## REQUIRED ACTION
Return nothing except the lines from the one that contains "Olive green earrings" through the end of the material below, each exactly as given.

RECORDS PROVIDED Block Start

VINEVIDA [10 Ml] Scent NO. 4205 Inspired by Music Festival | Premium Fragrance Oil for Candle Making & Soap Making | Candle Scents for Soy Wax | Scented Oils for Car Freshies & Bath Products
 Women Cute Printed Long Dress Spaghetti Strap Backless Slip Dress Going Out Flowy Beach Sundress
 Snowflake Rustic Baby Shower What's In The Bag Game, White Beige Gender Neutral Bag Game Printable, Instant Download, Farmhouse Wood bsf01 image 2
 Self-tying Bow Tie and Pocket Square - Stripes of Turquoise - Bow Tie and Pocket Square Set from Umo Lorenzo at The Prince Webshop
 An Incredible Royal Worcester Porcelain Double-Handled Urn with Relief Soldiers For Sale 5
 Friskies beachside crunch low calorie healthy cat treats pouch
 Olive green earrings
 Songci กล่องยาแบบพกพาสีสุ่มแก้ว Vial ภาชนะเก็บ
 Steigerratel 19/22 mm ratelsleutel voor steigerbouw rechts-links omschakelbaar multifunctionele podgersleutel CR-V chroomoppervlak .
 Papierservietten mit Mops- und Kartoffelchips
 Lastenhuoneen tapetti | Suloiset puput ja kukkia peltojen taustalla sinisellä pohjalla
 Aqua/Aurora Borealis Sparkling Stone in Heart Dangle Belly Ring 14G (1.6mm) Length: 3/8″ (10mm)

RECORDS PROVIDED Block End

## ANSWER FOR THE TASK
 Olive green earrings
 Songci กล่องยาแบบพกพาสีสุ่มแก้ว Vial ภาชนะเก็บ
 Steigerratel 19/22 mm ratelsleutel voor steigerbouw rechts-links omschakelbaar multifunctionele podgersleutel CR-V chroomoppervlak .
 Papierservietten mit Mops- und Kartoffelchips
 Lastenhuoneen tapetti | Suloiset puput ja kukkia peltojen taustalla sinisellä pohjalla
 Aqua/Aurora Borealis Sparkling Stone in Heart Dangle Belly Ring 14G (1.6mm) Length: 3/8″ (10mm)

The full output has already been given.